On Oct 18, the exhibition Chinese Characters: A Legacy and Marvel Perfected Over Three Millennia will begin its one-year tour of Japan. The show includes 118 sets of cultural relics on the development and aesthetics of written Chinese.
These treasures-20 percent are classified among China's top-level cultural relics-cover a wide spectrum. They include inscriptions on oracle bones dating back to the Shang Dynasty (16th-11th century BC), epigraphs on bronzewares, stone rubbings and calligraphy masterpieces.
The exhibits are on loan from 17 Chinese museums in six provinces and municipalities. The display is to be first shown at Tokyo Fuji Art Museum, and will later move to Kyoto, Niigata, Miyagi and Gunma in a tour that continues through September 2017.

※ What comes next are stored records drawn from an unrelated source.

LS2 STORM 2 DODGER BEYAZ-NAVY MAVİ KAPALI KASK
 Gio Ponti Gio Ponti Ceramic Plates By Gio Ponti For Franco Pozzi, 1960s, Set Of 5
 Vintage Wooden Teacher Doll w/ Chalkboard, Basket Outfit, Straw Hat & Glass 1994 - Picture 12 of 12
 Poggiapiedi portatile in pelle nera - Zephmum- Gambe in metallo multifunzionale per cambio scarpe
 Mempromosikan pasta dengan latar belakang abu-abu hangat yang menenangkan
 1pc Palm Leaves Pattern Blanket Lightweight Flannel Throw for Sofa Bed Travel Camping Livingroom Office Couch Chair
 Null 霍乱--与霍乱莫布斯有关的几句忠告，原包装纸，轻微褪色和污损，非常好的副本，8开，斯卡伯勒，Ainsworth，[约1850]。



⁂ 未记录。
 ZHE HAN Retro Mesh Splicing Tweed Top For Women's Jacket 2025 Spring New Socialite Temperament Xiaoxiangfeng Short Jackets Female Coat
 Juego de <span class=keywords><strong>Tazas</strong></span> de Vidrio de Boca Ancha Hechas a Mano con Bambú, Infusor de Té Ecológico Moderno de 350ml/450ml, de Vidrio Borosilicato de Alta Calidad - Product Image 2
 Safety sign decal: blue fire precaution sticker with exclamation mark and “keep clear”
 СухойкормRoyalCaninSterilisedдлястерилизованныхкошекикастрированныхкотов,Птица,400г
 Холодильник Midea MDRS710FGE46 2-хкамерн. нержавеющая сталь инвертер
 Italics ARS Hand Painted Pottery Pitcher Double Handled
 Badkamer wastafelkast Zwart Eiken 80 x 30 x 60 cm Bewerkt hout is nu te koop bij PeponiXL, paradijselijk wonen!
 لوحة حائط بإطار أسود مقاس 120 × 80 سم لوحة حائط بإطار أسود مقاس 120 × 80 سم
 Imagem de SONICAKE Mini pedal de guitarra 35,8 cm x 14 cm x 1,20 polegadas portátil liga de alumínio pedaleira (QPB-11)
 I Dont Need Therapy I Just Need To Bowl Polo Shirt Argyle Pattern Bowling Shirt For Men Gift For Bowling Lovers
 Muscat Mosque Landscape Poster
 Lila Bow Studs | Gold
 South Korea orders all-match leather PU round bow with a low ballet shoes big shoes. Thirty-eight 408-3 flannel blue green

The exhibition is designed in three parts: origins of Chinese characters, calligraphy works by renowned artists and their usage in people's daily lives, and the influence of Chinese characters on neighboring countries.
"Chinese characters comprise a unique writing system in the world, whose development has remained uninterrupted for 3,000 years," says Wang Jun, director of Art Exhibition China, the national administration in charge of exchange exhibitions between China and other countries.
"That enables ordinary Chinese people, even without professional training, to recognize many characters from thousands years ago, which is a miracle."
He says many milestones in the development of Chinese characters are to be juxtaposed in the exhibition. A 2,300-year-old bronzeware inscribed with the earliest Chinese duty-free certificate ever found, Terracotta Warriors carved with words and pieces by top 13th-century calligraphy artists such as Zhao Mengfu as well as by Qing Dynasty (1644-1911) emperors are among the highlights.
A 7th-century gold slip with 63 characters is probably one of the most important exhibits. It was used for worship by Wu Zetian (AD 624-705), the only female ruler in imperial China, and is the only cultural relic ever found that belongs to the legendary queen. The slip was once exhibited in Japan a decade ago.